Pour terminer ce billet sur une note plus punchy : notre proposition à ce jour, émanant des forces syndicales, soutenue par l’ensemble des personnels : organiser sans délai une réunion entre Bloch[3] d’une part et les élus UVSQ et du 78 d’autre part. D. Guillemot y serait bien sûr partie prenante.

[1] Gilles Bloch : président de la COMUE Paris-Saclay, préside le conseil des membres.

[2] « task force » : nom pompeux qui affuble une brave collègue chargée de mission UVSQ-Paris-Saclay, elle-même sans informations ni moyens.

[3] Gilles Bloch : président de la COMUE Paris-Saclay, préside le conseil des membres.

Message de Gilles Bloch à propos des EUR (Ecoles universitaires de recherche)

Voici le message que vous avez du tous recevoir à propos des Ecoles universitaires de recherche de la part de Gilles Bloch, président de l’Université Paris-Saclay.  Sans commentaire.

Chers Collègues,

L’appel à projets « Ecoles universitaires de recherche » (EUR) est paru la semaine dernière, lien :

http://www.agence-nationale-recherche.fr/investissements-d-avenir/appels-a-projets/2017/ecoles-universitaires-de-recherche-eur-vague-1/

Avant même sa parution, le cahier des charges et la convention CGI-ANR qui avaient été largement diffusés ont pu être discutés au sein du conseil des Membres de l’Université Paris-Saclay (UPSaclay), notamment lors de sa séance du 8 février.
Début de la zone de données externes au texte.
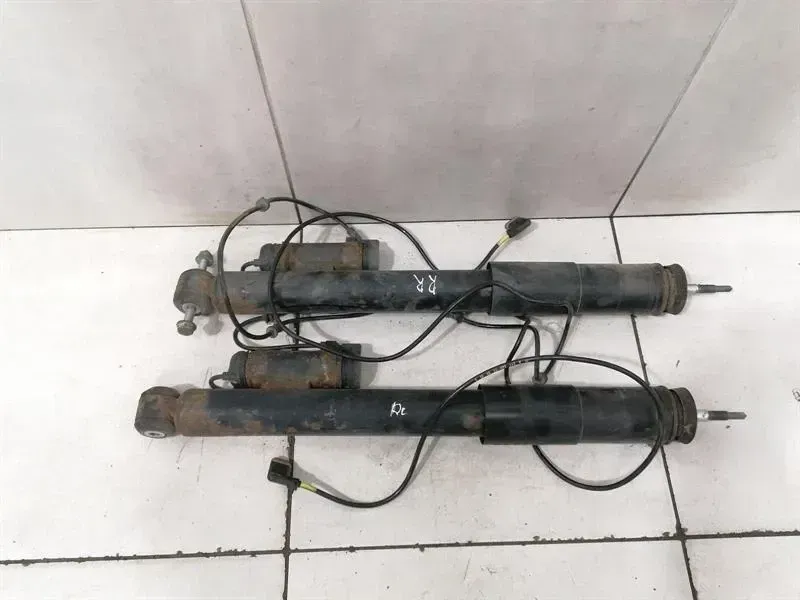 Mercedes CLS W219 shock absorber rear A2113262700 shock absorber rear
L’émergence des EUR est perçue par les établissements Membres comme un facteur de structuration dont l’impact doit être soigneusement anticipé. En effet, au-delà de l’actuelle organisation de l’UPSaclay en composantes de coordination (Collège Doctoral, Schools, Départements), une réflexion est actuellement en cours sur la structuration de l’université « cible » qui devra être présentée à la fin 2017 pour la nouvelle évaluation de l’IDEX. Cette structuration ne doit en aucun cas être incompatible avec des EUR qui se mettraient en place de manière désordonnées. Au contraire, les projets EUR portés par l’UPSaclay devraient se construire dans un cadre cohérent et répondre à un cahier des charges leur permettant de participer à la structuration de l’université « cible ». L’appel à projets EUR lui-même prévoit que « Les projets conçus au sein des IDEX et des ISITE seront présentés par l’établissement porteur de ces Initiatives, de façon à conforter la stratégie globale de recherche et de formation de ces dernières, et non à constituer une marque concurrente. »

Le conseil des Membres a donc souhaité qu’un point d’étape de la réflexion sur la structuration de l’université « cible » soit fait début avril pour permettre au conseil des Membres de prendre une position sur la pertinence de soutenir ou non des projets EUR dès la première vague de l’appel à projets.

Nous vous tiendrons informés de l’aboutissement de ce processus afin que votre travail d’élaboration puisse être éventuellement lancé début avril dans un cadre cohérent. Et si la décision est prise de lancer dès cette première vague des projets EUR, nous vous fournirons toute l’aide nécessaire pour faire de ce cadrage un atout pour vos projets.